Scrive Repubblica: "La Turchia più profonda, quella dei nazionalisti e dei servizi segreti, burocratica e antieuropea, non molla Orhan Pamuk. Con una sentenza inaspettata, e dunque precisa nella volontà di colpire il bersaglio, la cassazione ha deciso che lo scrittore dovrà essere nuovamente processato per villipendio allo Stato. Il motivo? Villipendio all'identità nazionale, per una frase pronunciata sui massacri armeni compiuti ai tempi dell'Impero Ottomano" (l'ultimo scorcio dell'Impero, in realtà, già sul punto di crollare sotto i colpi infertigli dalla Prima guerra mondiale).
In pratica la colpa di Pamuk (per la quale aveva già subito un processo) sarebbe quella di avere ricordato, in un'intervista rilasciata ad un giornale straniero, che in Turchia sono stati uccisi un milione di armeni e circa trentamila curdi (curdi di cui fino in epoca recentissima la Turchia nemmeno riconosceva l'esistenza, chiamandoli "turchi di montagna").

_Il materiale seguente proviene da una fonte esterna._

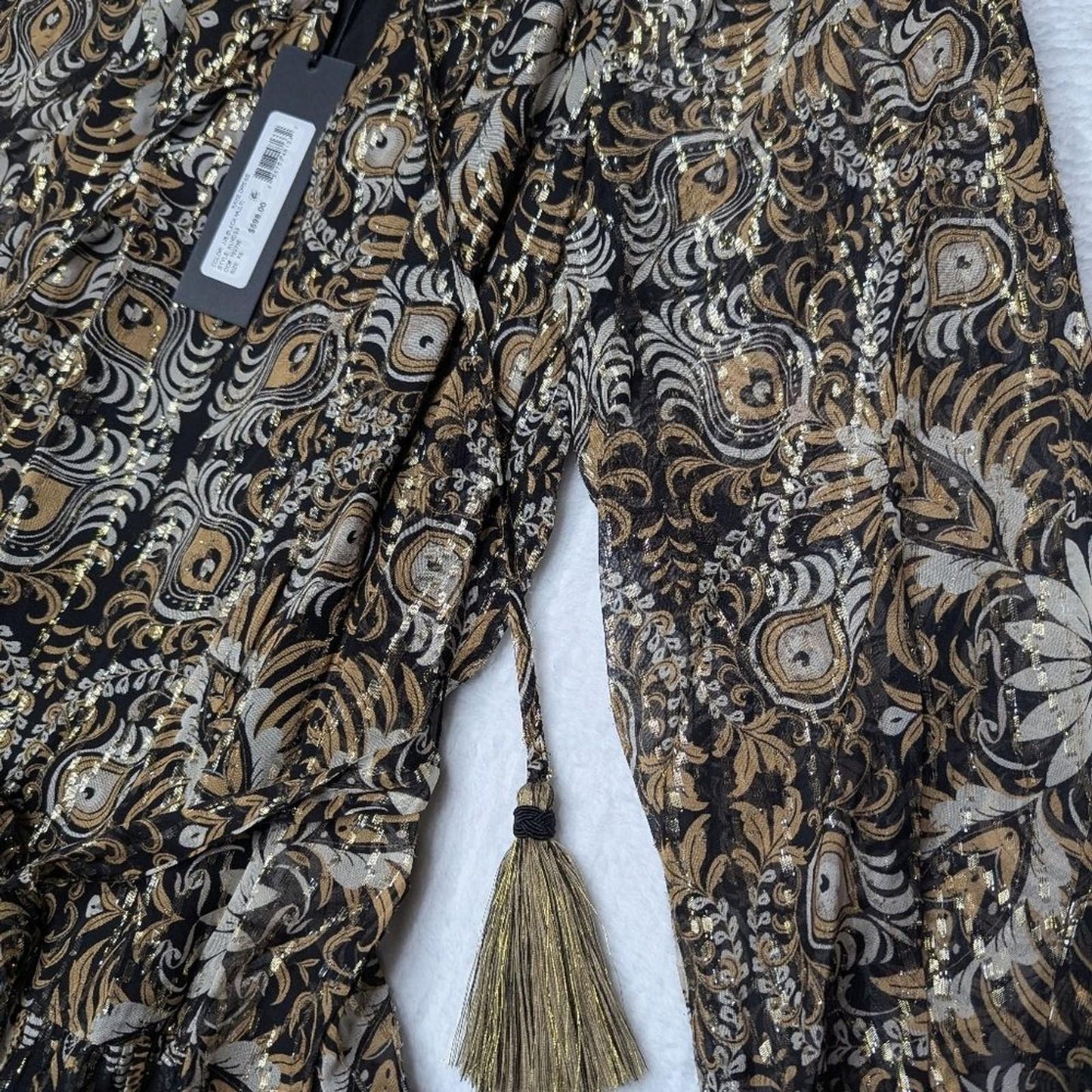 NEW KOBI HALPERIN kaye tie waist dress in black/gold XS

Le vie della censura sono infinite. Se ad Alemanno dispiace "Romanzo criminale" perchè presenta i malavitosi in maniera "simpatica", ai turchi dispiace il loro più grande scrittore (leggere "Neve" per credere) perchè rivela qualcosa che tutto il mondo già sa e che solamente le autorità turche nella loro ottusità non vogliono ammettere. Mentre al Papa com'è noto non piacciono film come "Il codice Da Vinci", perché descrivono un Vaticano impegnato a tramalciare; mentre ai musulmani non piacque, all'epoca, Salmar Rushdie, perché nei suoi "Versetti satanici" aveva trasformato il profeta Mahmud in "Mahund". Mentre agli italiani non piace il film libico "Il leone del deserto", che racconta le nefandezze compiute dai nostri in Libia, durante il fascismo. E' così via e così via, all'infinito, c'è sempre una qualche autorità pronta a considerare un libro, un film, un quadro, una dichiarazione pubblica "censurabile", perché offende l'onore della patria, perchè è immorale, perché è diseducativa, perché mette delle strane idee in testa ai giovani (anche Socrate venne condannato alla morte - che si autoinflisse - per questo motivo, perché traviava le giovani menti con i suoi ragionamenti sofisticati...).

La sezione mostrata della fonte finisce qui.